People living with epilepsy have the highest refusal rate of all people claiming the new disability benefit Personal Independence Payments (PIP), which is gradually replacing Disability Living Allowance (DLA), official figures show.
Department for Work and Pensions (DWP) statistics reveal that almost half of people with epilepsy (48%) reassessed for PIP from DLA have had their claim denied, almost double the national average for all disabilities and health problems (25%).
In total, 64% of people with epilepsy reassessed for PIP have had their claim either reduced or refused, as Epilepsy Action described the new benefit as “inadequate and ineffective” and warned it’s putting the lives of people with epilepsy at risk.
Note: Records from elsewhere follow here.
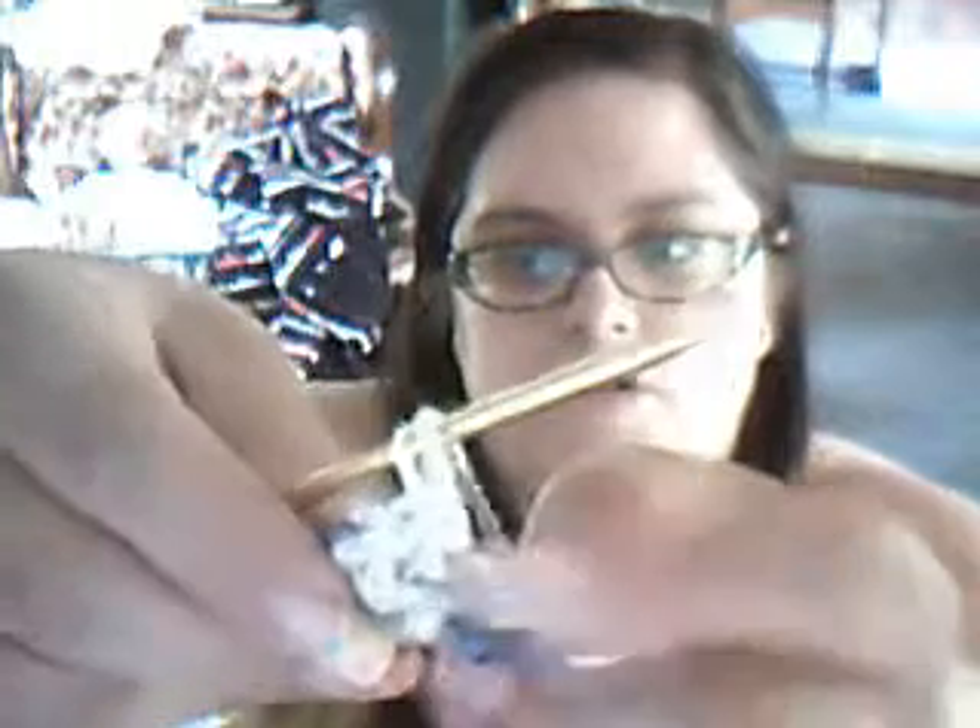Let me show you again. That is your slipknot. You're going to wrap it one time, and then you're going to put it through two loops. There's two loops right there.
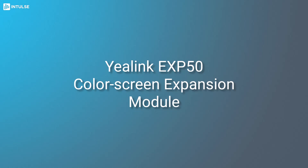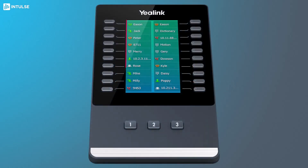Let's look at how to set up the Yealink EXP50 expansion module. This sidecar has a 4.3-inch color screen with three pages of 20 programmable line keys, for a total of 60 keys.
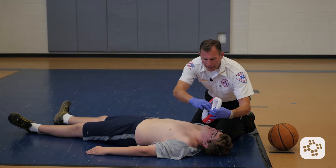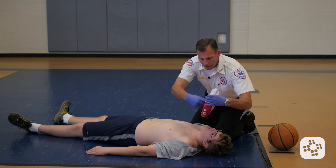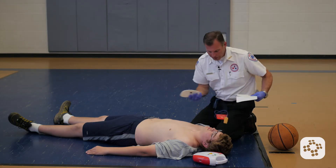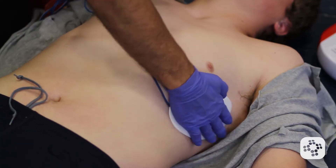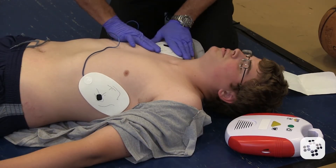It tells me to attach the pads and plug in the connectors, so I'm going to work on that. If I open this up, I can see exactly the way these are supposed to go. One goes here and one goes here, just like it shows right on the pads.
Louise Bolotin, 55, who suffers from tonic-clonic and focal seizures and lost £307 a month when reassessed for PIP from DLA, told the charity. “The seizures can happen at any time. I never know when I’m not going to be able to do stuff, I have no control.
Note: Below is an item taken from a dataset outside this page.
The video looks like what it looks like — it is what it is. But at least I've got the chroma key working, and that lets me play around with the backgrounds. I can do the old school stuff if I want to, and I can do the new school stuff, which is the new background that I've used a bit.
“When a tonic-clonic seizure happens, I can’t walk or even get out of bed for 24 hours. Even getting from the bed to the bathroom is hard. The DLA helped me to pay for taxis and takeaways during times like these.
“The whole of the PIP system doesn’t take account of people with fluctuating conditions like epilepsy. It’s so frustrating to explain every aspect of your condition and how it affects your life, and then see the DWP be so dismissive.”
Epilepsy Action is calling on the government to make the system “fairer” for people living with epilepsy, and has submitted evidence to the Work and Pensions Committee ahead of its upcoming inquiry into PIP.
Epilepsy Action’s chief executive Philip Lee said: “The current system is failing to recognise the complex needs of people with epilepsy. PIP is supposed to be helping people with disabilities to live more independent lives. Yet, ironically, they are being denied the very independence they deserve.
“We are hearing increasingly concerning stories from people who say this has a negative impact on their safety and day-to-day living. Their physical and mental health are also being affected. Some people have even told us they feel suicidal.
“The current system needs to change. If it doesn’t, it will continue to have more devastating effects on people with epilepsy.”